August 10, 2016; Ars Technica
In early 2015, the fight was on to make sure that American computer users of had online access that was fast and “net neutral”— that is, free from being throttled by ISPs and cable companies in search of higher fees from the promotion of “fast lanes” that would slow traffic to sites based on content. Both President Obama and FCC chair Tom Wheeler had a number of different plans in the works to keep the nation digitally competitive, including the classification of broadband Internet as a Title II utility, which was upheld back in June of this year by the U.S. Court of Appeals for the D.C. Circuit. However, earlier this week, one of the other measures that seemed more like a slam-dunk at the time was overturned by the Sixth Circuit U.S. Court of Appeals.
Wilson, North Carolina, and Chattanooga, Tennessee have built for their communities some great municipal broadband networks, with speeds competitive with commercial ISPs and offering free Wi-Fi in downtown areas.
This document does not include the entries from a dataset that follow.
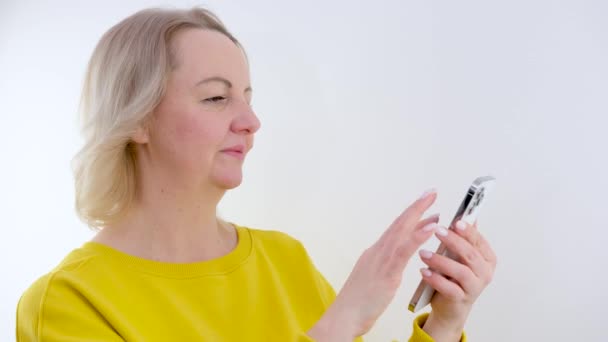 Telefon Ekranı Yeşil Renkli Anahtar Kadın Akıllı Telefonuyla Arkadaşlarıyla Mesajlaşıyor — Stok video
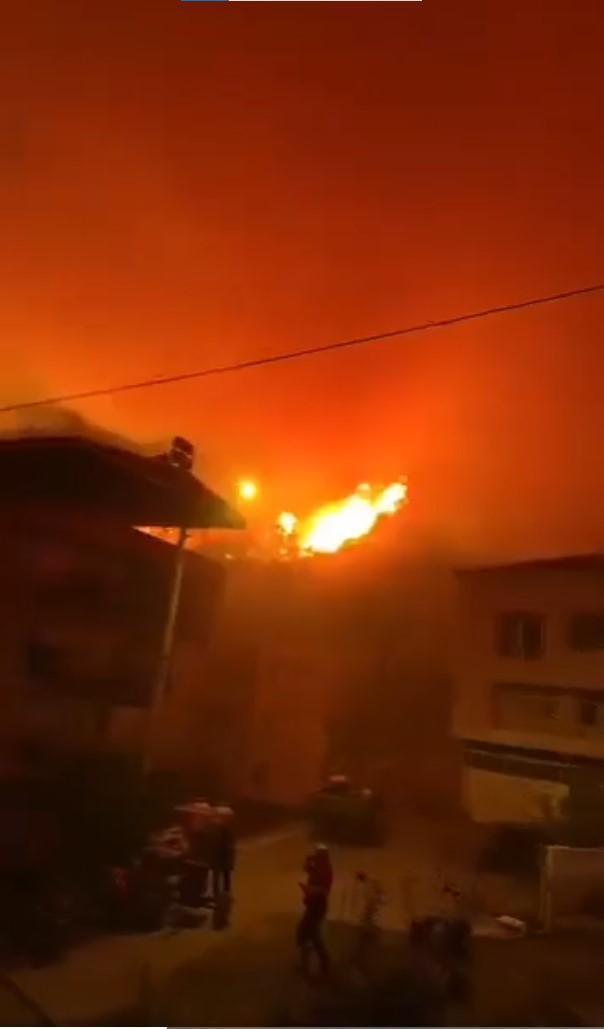 Bursa'da felaket gecesi! Yangın yerleşim yerlerine ulaştı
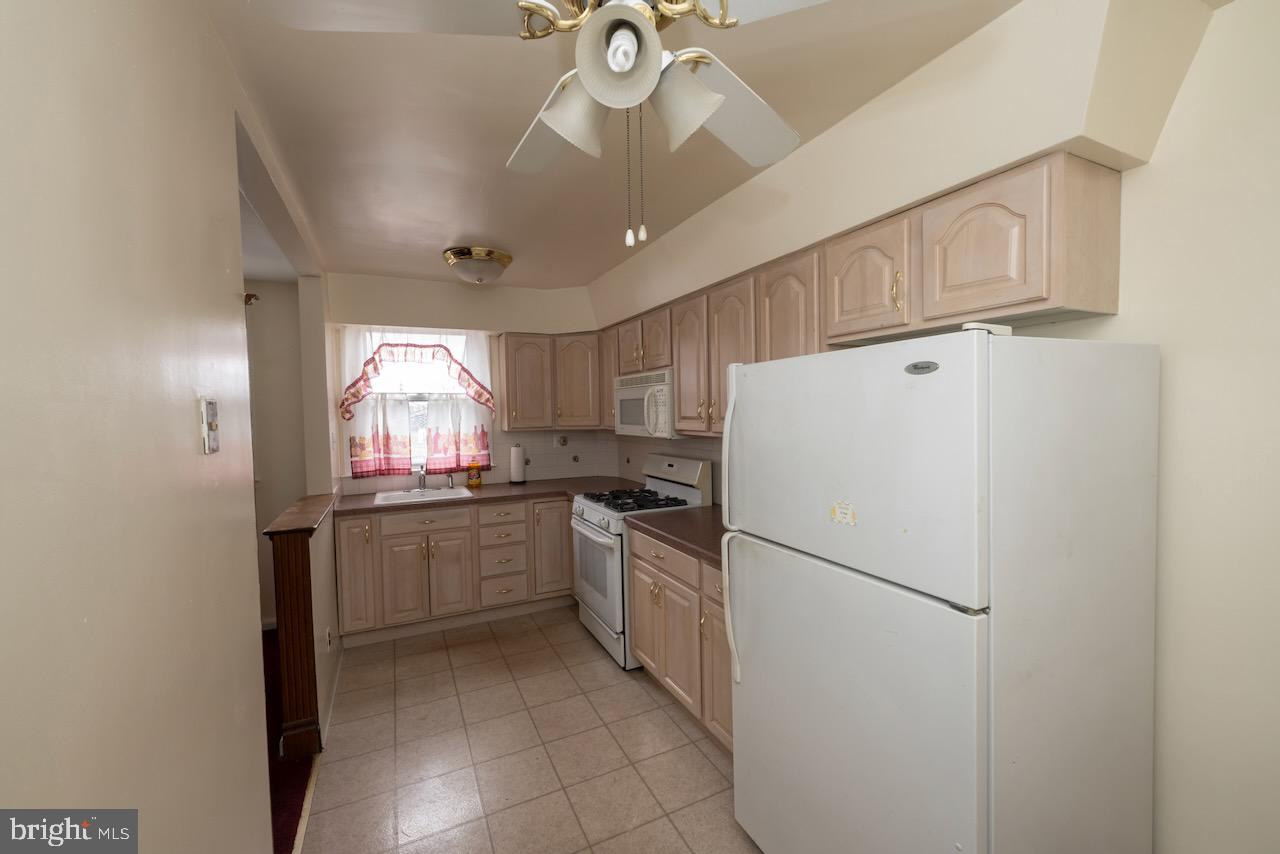 8648 Rugby St Property Photo 30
However, the two states where those cities are sited have laws in place that would prevent the networks from growing into areas outside their city limits to reach underserved markets. The FCC and the president have both indicated that they see municipal broadband as a way to bridge the digital divide and to increase online access. So, in March of 2015, the FCC released an order preempting the restrictions in Tennessee and N.C. law that would stifle such growth. They called the limits “barriers to broadband infrastructure investment” meant to “thwart competition.”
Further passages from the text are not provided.